- Born: 21 February 1933 Ballintemple, Cork, Ireland
- Died: 16 August 2017 (aged 84) College Road, Cork, Ireland
- Occupations: Insurance salesman, actor, comedian, director, producer, writer
- Years active: 1944–2017
- Television: Newsbeat; Hall's Pictorial Weekly;
- Spouse: Marie Twomey
- Children: 1 boy and 2 girls

= Michael Twomey (actor) =

Irish actor, comedian, director, producer and writer

Michael F. Twomey (21 February 1933 – 16 August 2017) was an Irish actor, comedian, director, producer and writer who together with Frank Duggan formed the award-winning double act Cha and Miah. The partnership lasted from 1969 until their retirement in 2012.

Born in Cork, Twomey was introduced to the theatre by his mother, an enthusiastic amateur actress. He made his first appeared on stage in the old Cork Opera House in 1944 at the age 11, in Eugene O'Neill's Ah, Wilderness! He played on and off in theatre, pantomime and revues in Cork for the next 70 years and also formed a friendship with the playwright John B. Keane, playing in the early productions of many of his plays with the Southern Theatre Company.

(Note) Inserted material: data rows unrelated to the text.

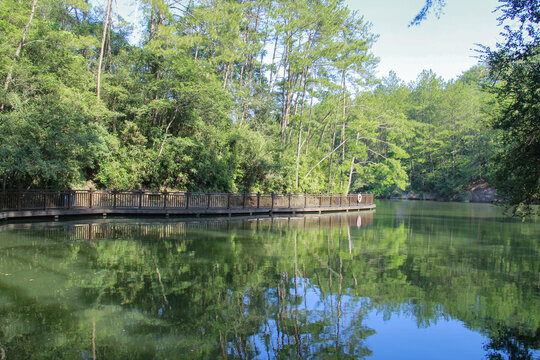 冠豸山石門湖風景區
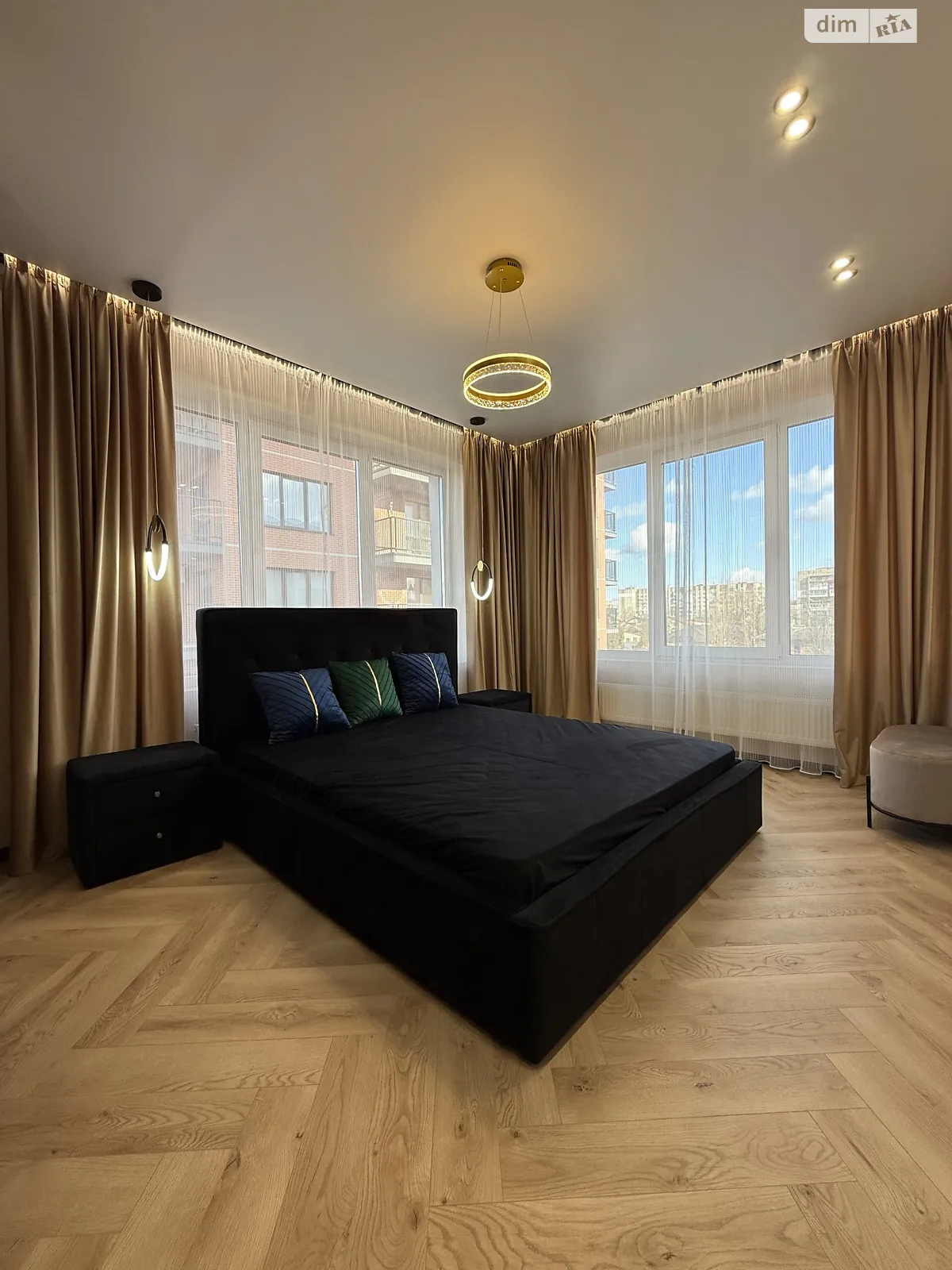 Продается 1-комнатная квартира 42 кв. м в Львове, ул. Леонида Перфецкого, 6 - фото 1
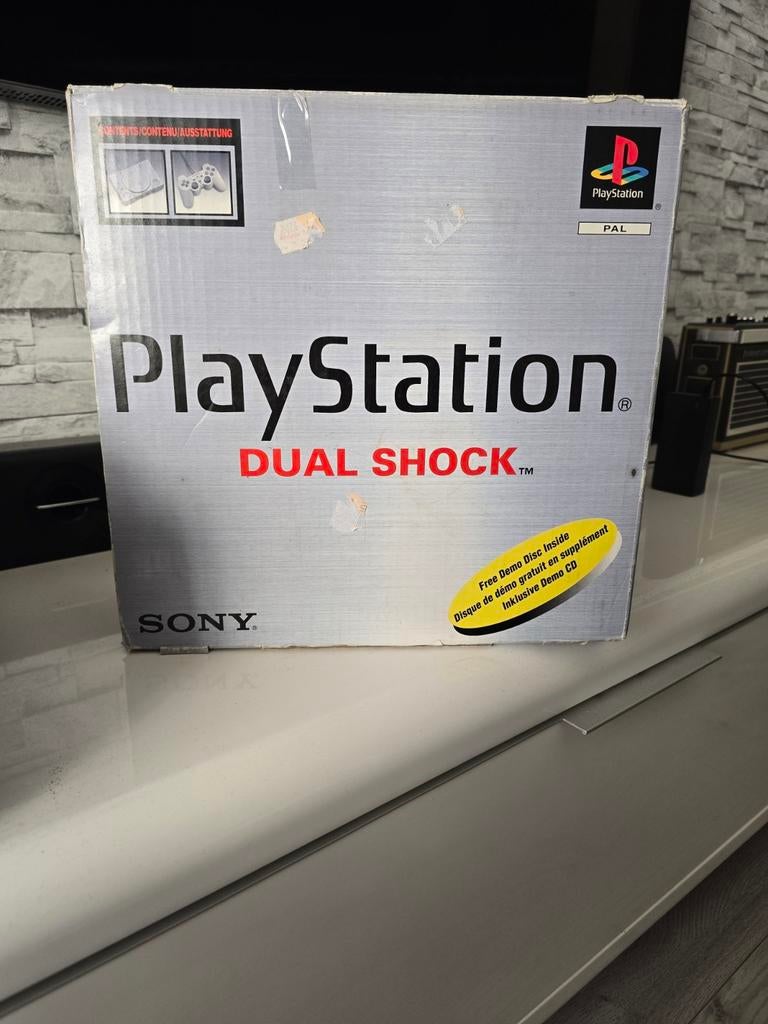 PlayStation 1 dans une boîte utilisée avec manette et câbles, Consoles de jeu & Jeux vidéo, Consoles de jeu | Sony PlayStation 1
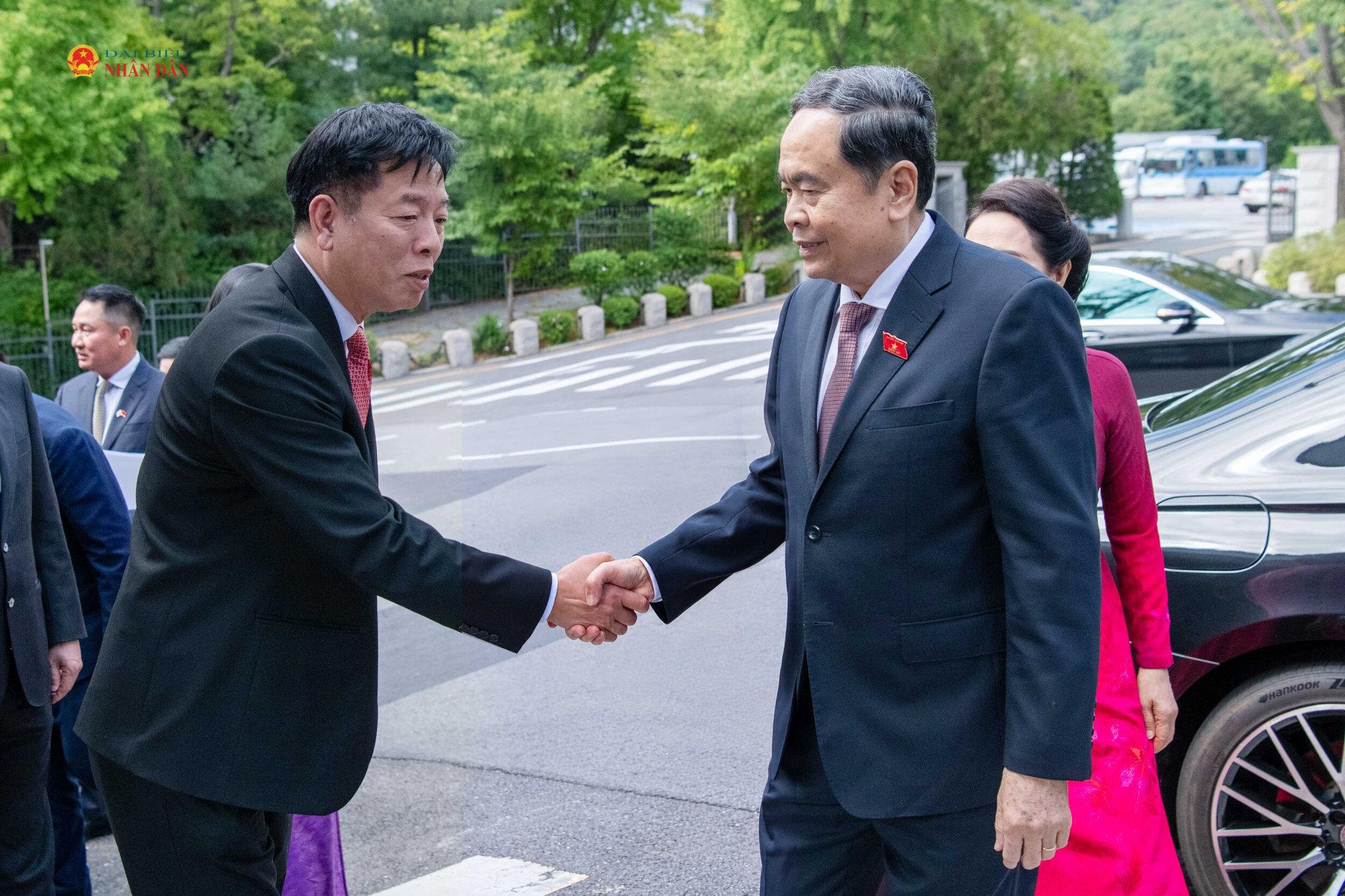 Chủ tịch Quốc hội Trần Thanh Mẫn đến Thủ đô Seoul, bắt đầu thăm chính thức Hàn Quốc - 4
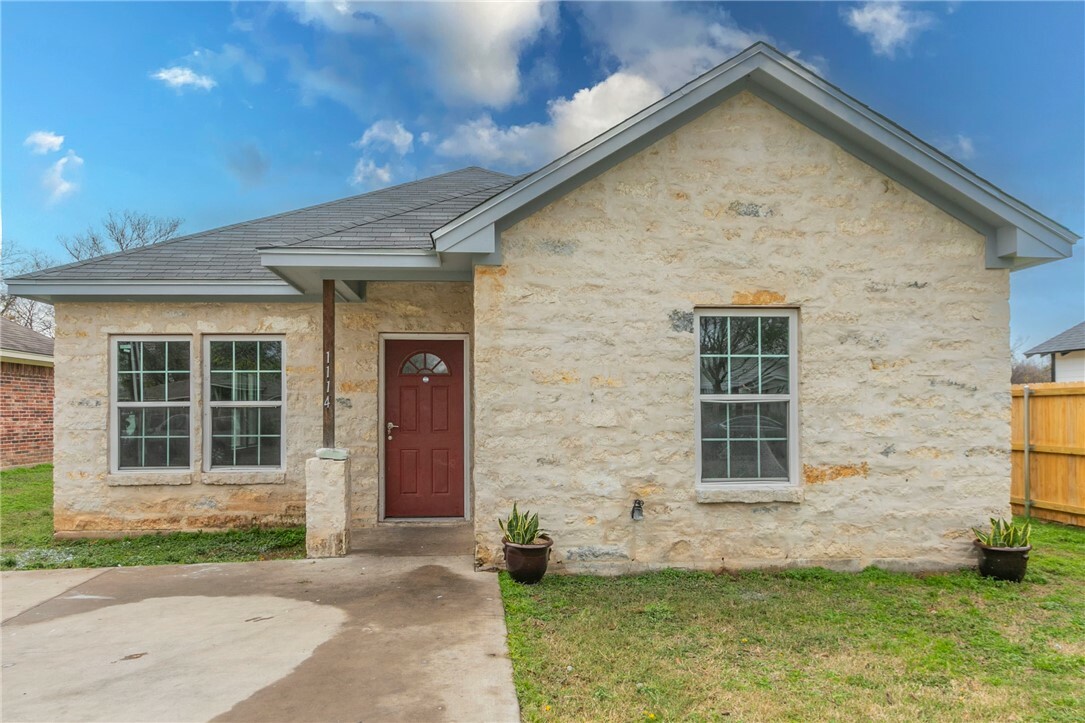 Property Photo:  1114 Houston Street  TX 76704 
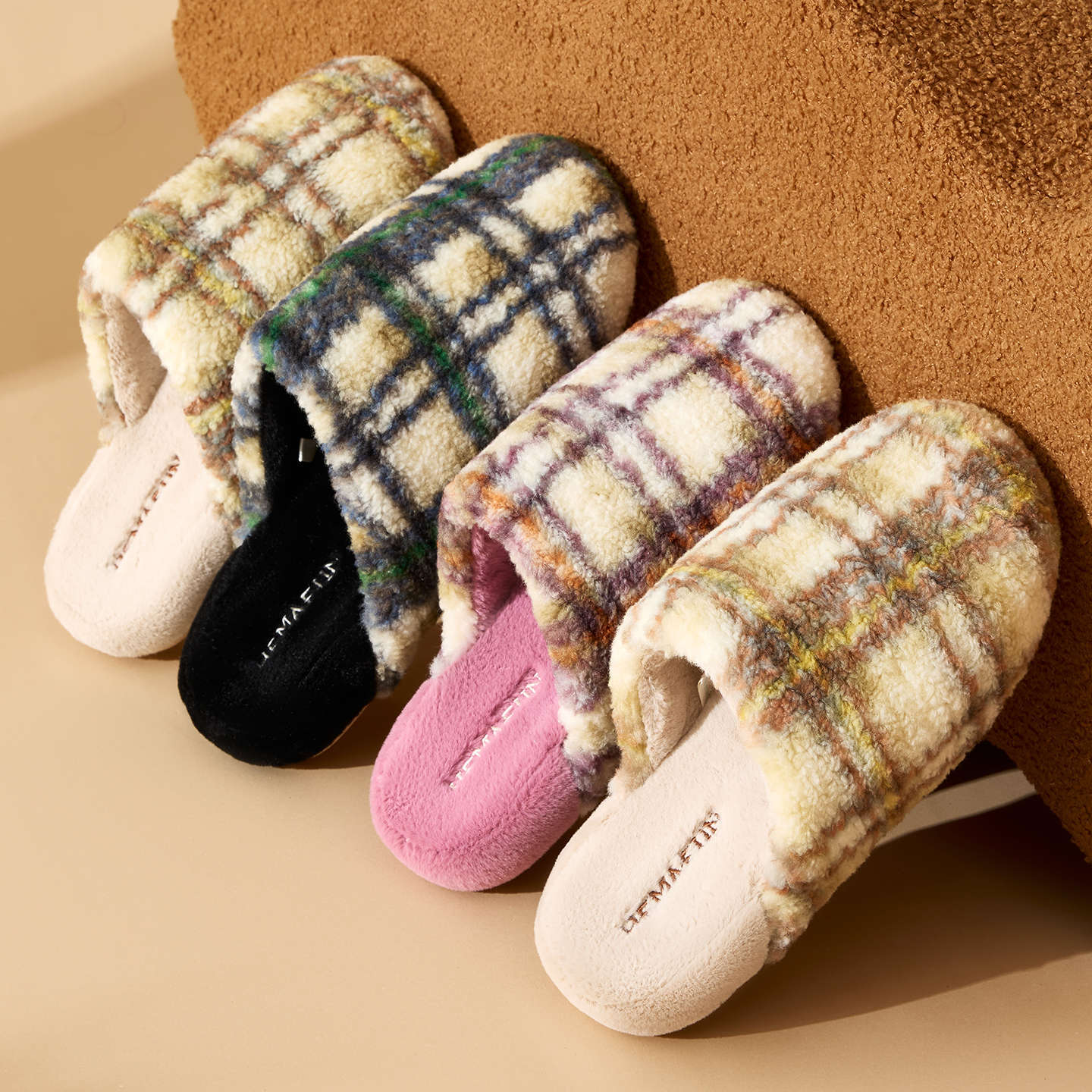 겨울 체크 털슬리퍼 두꺼운 밑창 방한 실내화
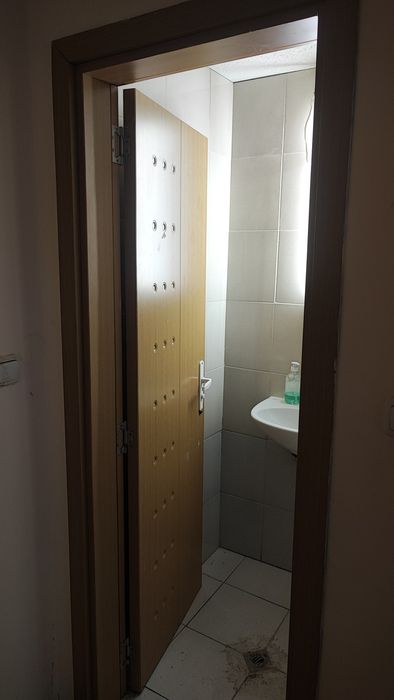 Продавам интериорни врати 3бр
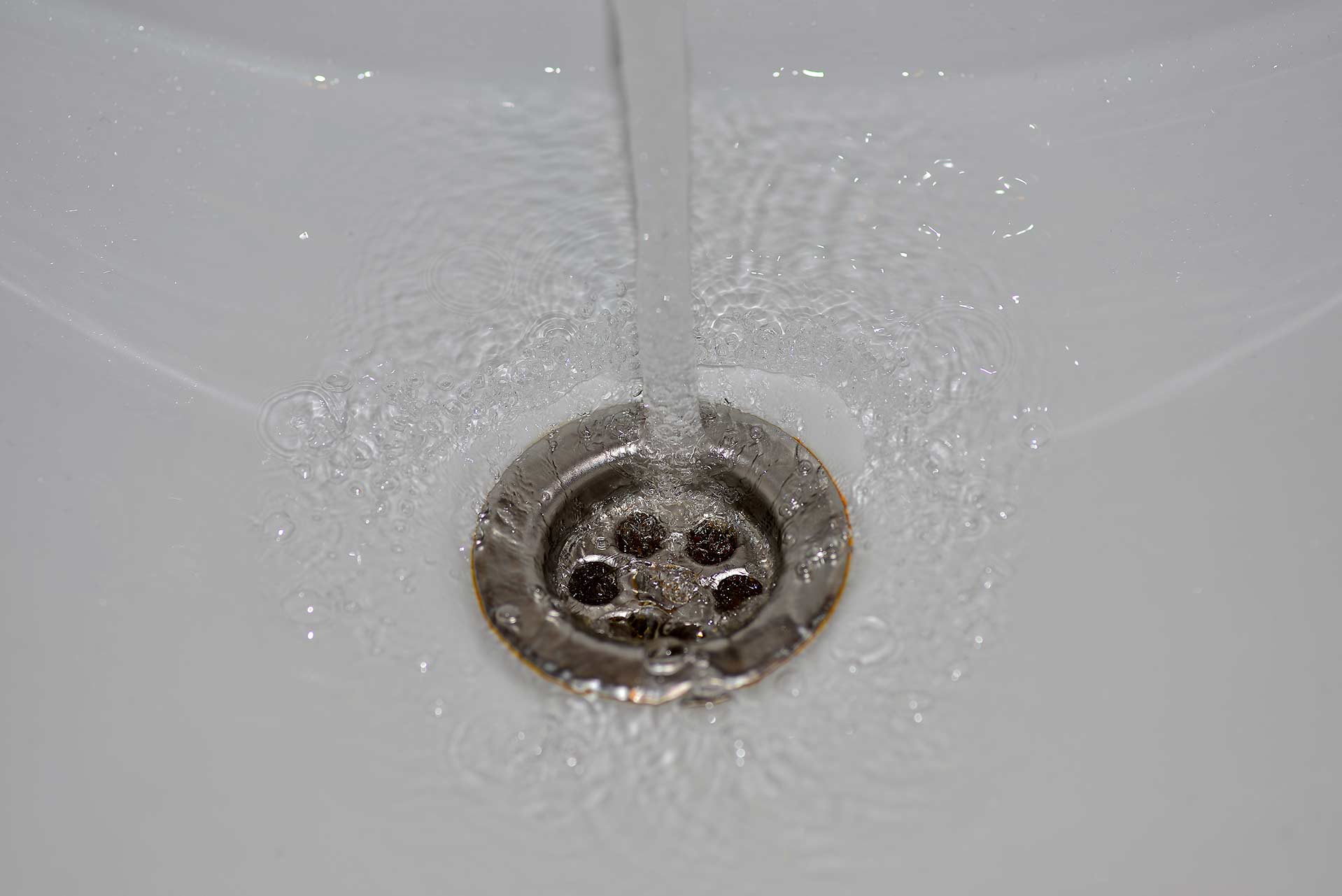 A2B Drains provides services to unblock blocked sinks and drains for properties in Castle Bromwich.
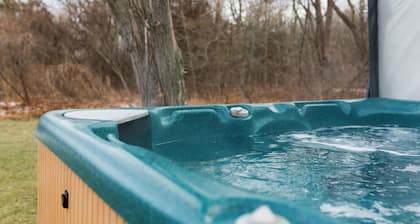 Sandbanker Suite | West Lake | 2 Bedrooms | Hot Tub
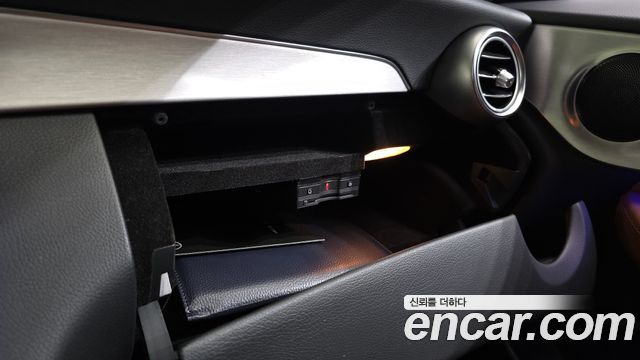 Mercedes-Benz C-Class (W205) C220 d 4MATIC Coupe 2019 — фото 38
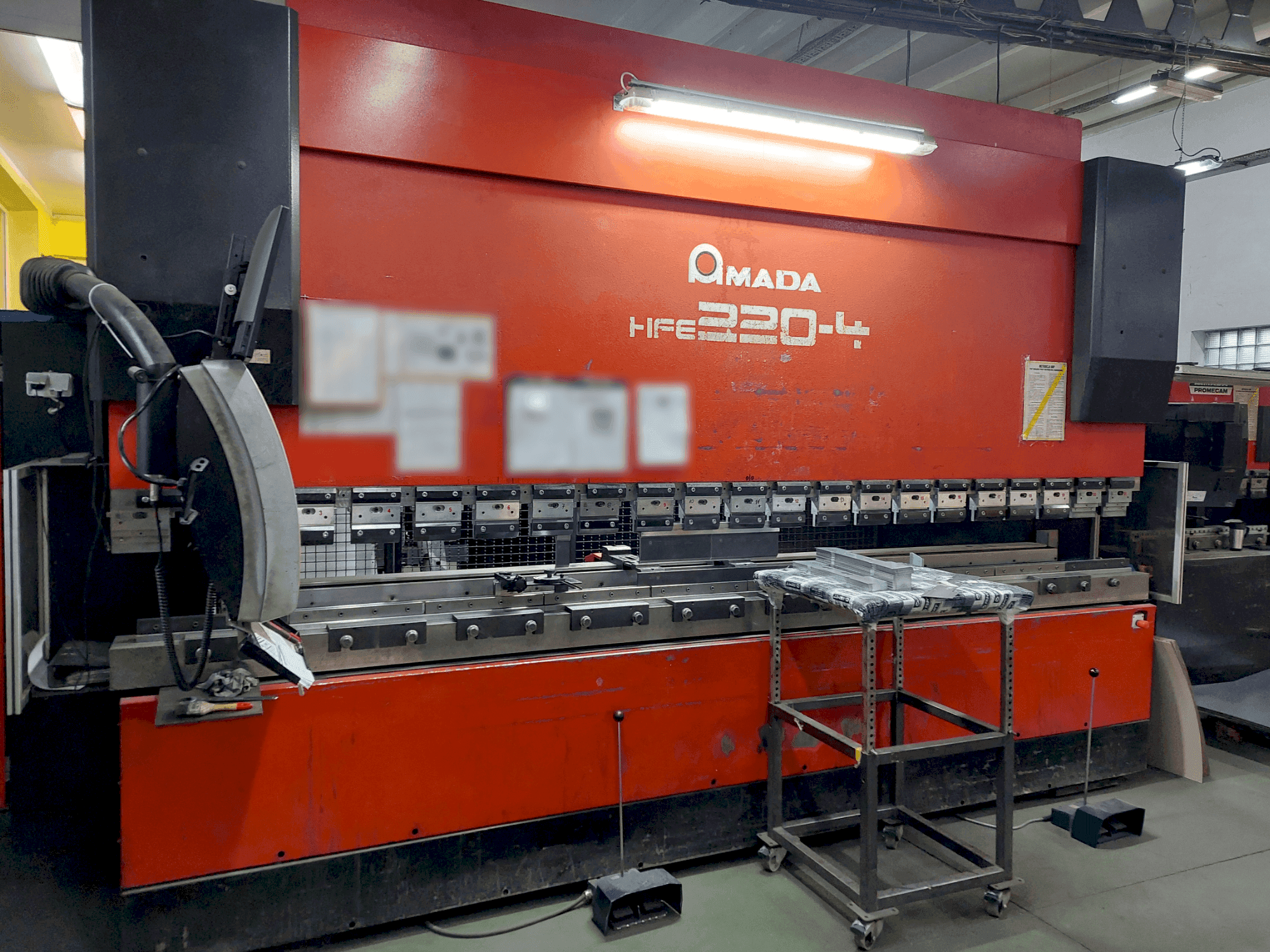A AMADA HFE 220-4 gép elölnézete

Twomey also had a small part in John Huston's 1956 film Moby Dick, however, his big television break came in 1969 when he performed a spoof interview about the dangers of smoking on Telefís Éireann. When Frank Hall later asked him do a slot on his Newsbeat show, Frank Duggan was drafted in to form a double act. They became household names through their weekly slot on Hall's Pictorial Weekly between 1971 and 1980, with Twomey’s Miah in the role of pub philosopher and the dimwitted Cha as his foil.